Neither of those headlines constitute major spoilers, so it’s fine. But still, reading them did have me geared up for an emotional rollercoaster of a finale that might even leave me with a tear in my eye over the sad but also long overdue loss of one of the best horror movie characters ever.
So imagine my surprise when what I got instead was the best buddy cop comedy of 2022.
Sorry, that might be hyperbole. It’s probably not the best buddy cop comedy of the year. I’m sure there were better. I stand by the rest of the statement, though.
Also, I shouldn’t be surprised. I love Danny McBride, mostly. You know, HBO’s Kenny Powers.

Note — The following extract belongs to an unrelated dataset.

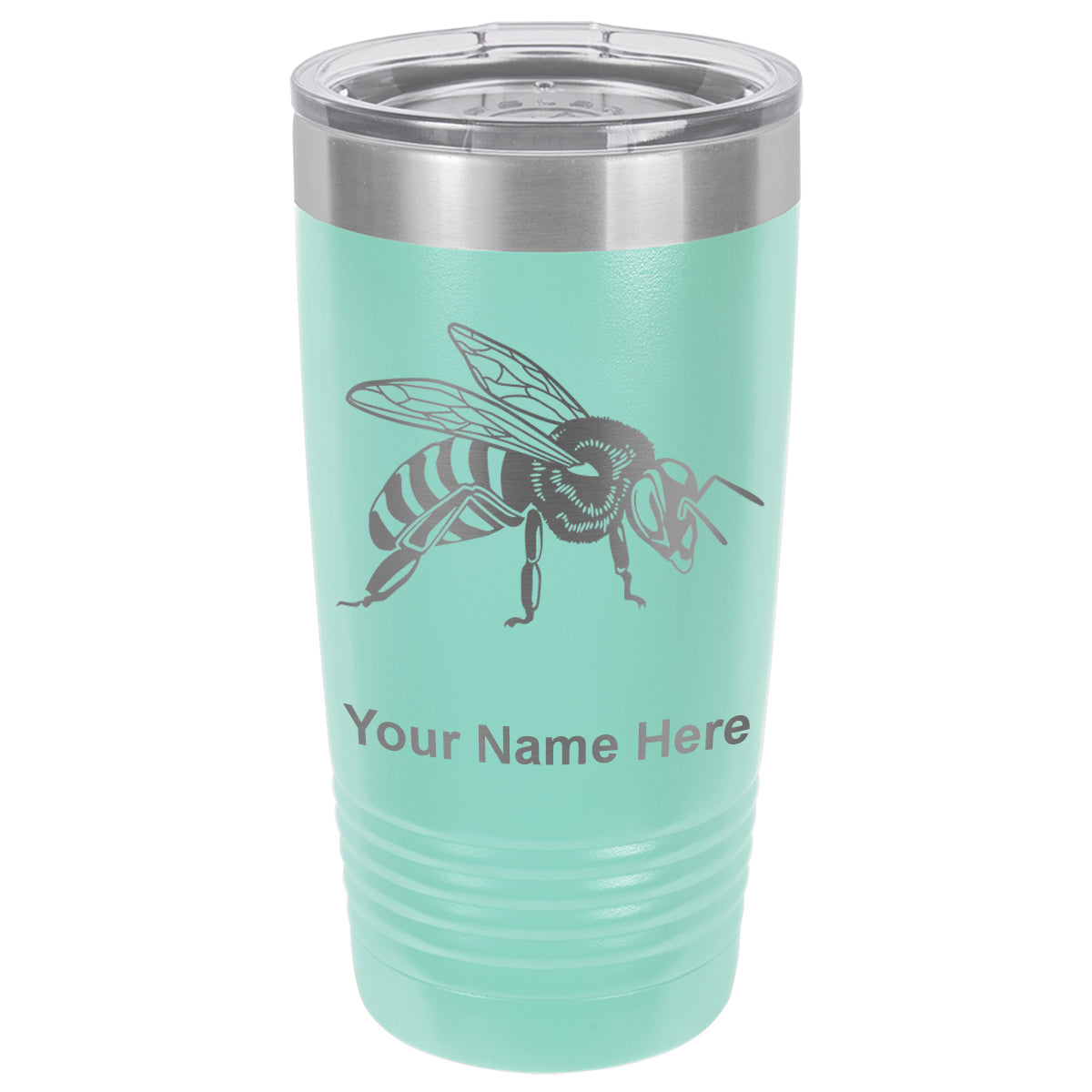 20oz Vacuum Insulated Tumbler Mug, Honey Bee, Personalized Engraving Included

It’s just that I’ve hated all of his Halloween movies with the intensity of a million burning suns.
I’m also apparently among the minority of moviegoers who sincerely enjoyed the 2007 Rob Zombie remake, but that’s neither here nor there.
It was only a matter of time before we got here. Danny McBride is a funny guy. It was inevitable that he’d eventually make a genuinely funny Halloween movie. I just don’t think he meant to.
The only reason I was looking into when Danny McBride’s first Halloween movie came out was because I was wondering in what time proximity it was released to Jordan Peele’s Get Out.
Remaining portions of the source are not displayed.